_ABOUT THIS TASK_
In the material below, find the line with "알 수 없음님의 자유주제 · 자유게시판 작성글 사진" and the line with "御宅族柳美 名叫‘现实’的御宅糖衣". Output exactly those two lines and all lines between them, leaving out pictures.

_DATA_
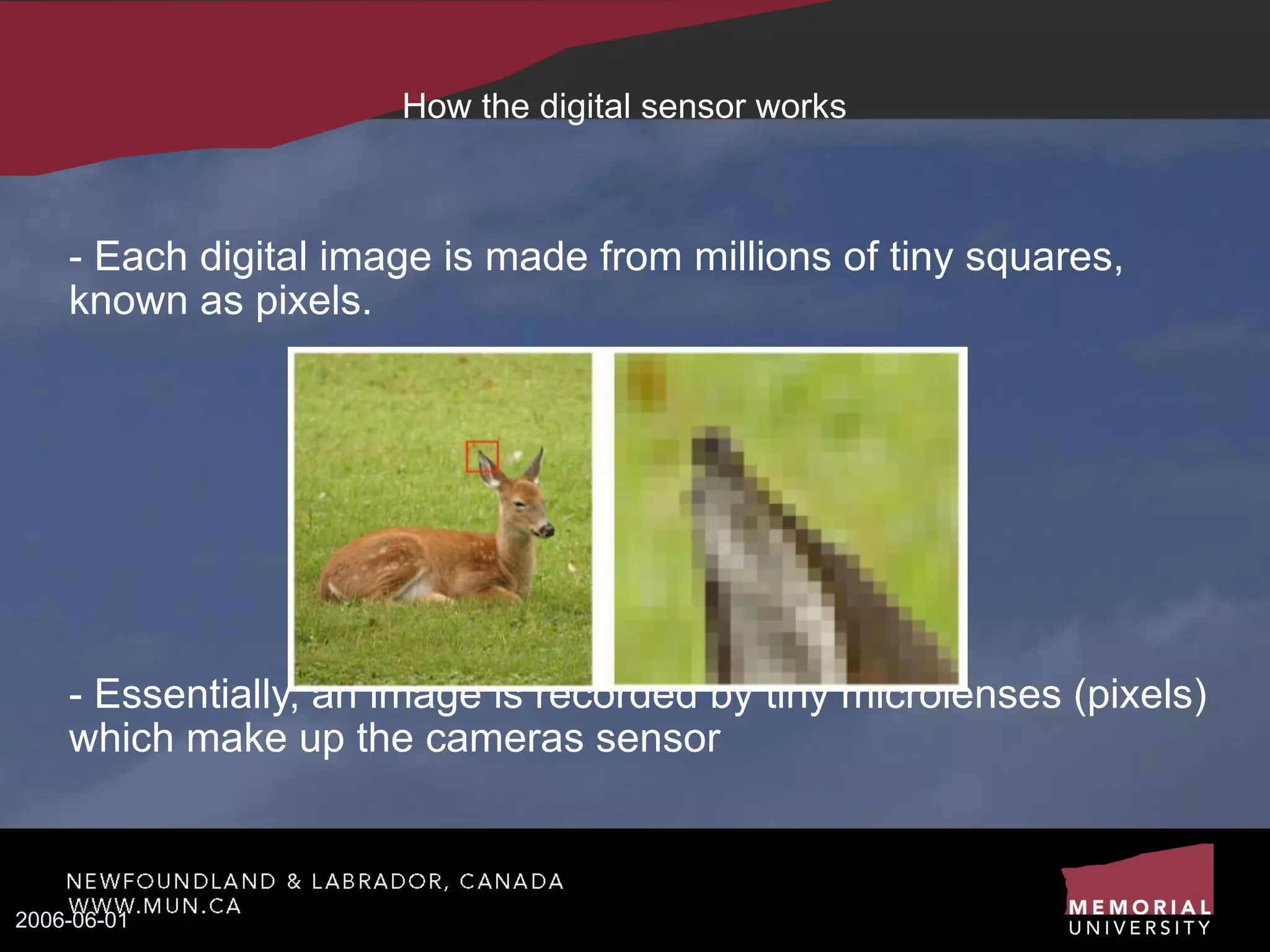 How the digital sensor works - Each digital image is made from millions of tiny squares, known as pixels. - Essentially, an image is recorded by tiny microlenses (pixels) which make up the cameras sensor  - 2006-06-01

...

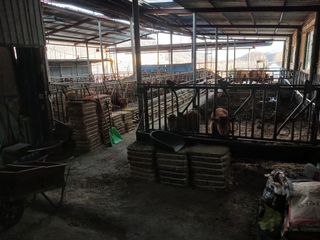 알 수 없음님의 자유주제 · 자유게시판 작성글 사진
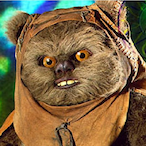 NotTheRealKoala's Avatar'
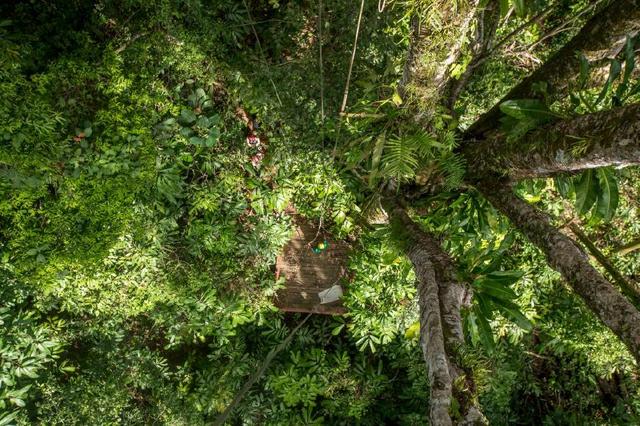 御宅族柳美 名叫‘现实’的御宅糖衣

...

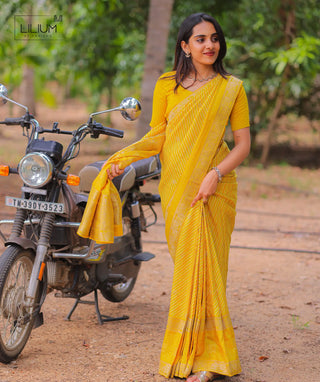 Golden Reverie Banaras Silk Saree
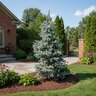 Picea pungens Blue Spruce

_SOLUTION FOR THIS TASK_
 알 수 없음님의 자유주제 · 자유게시판 작성글 사진
 NotTheRealKoala's Avatar'
 御宅族柳美 名叫‘现实’的御宅糖衣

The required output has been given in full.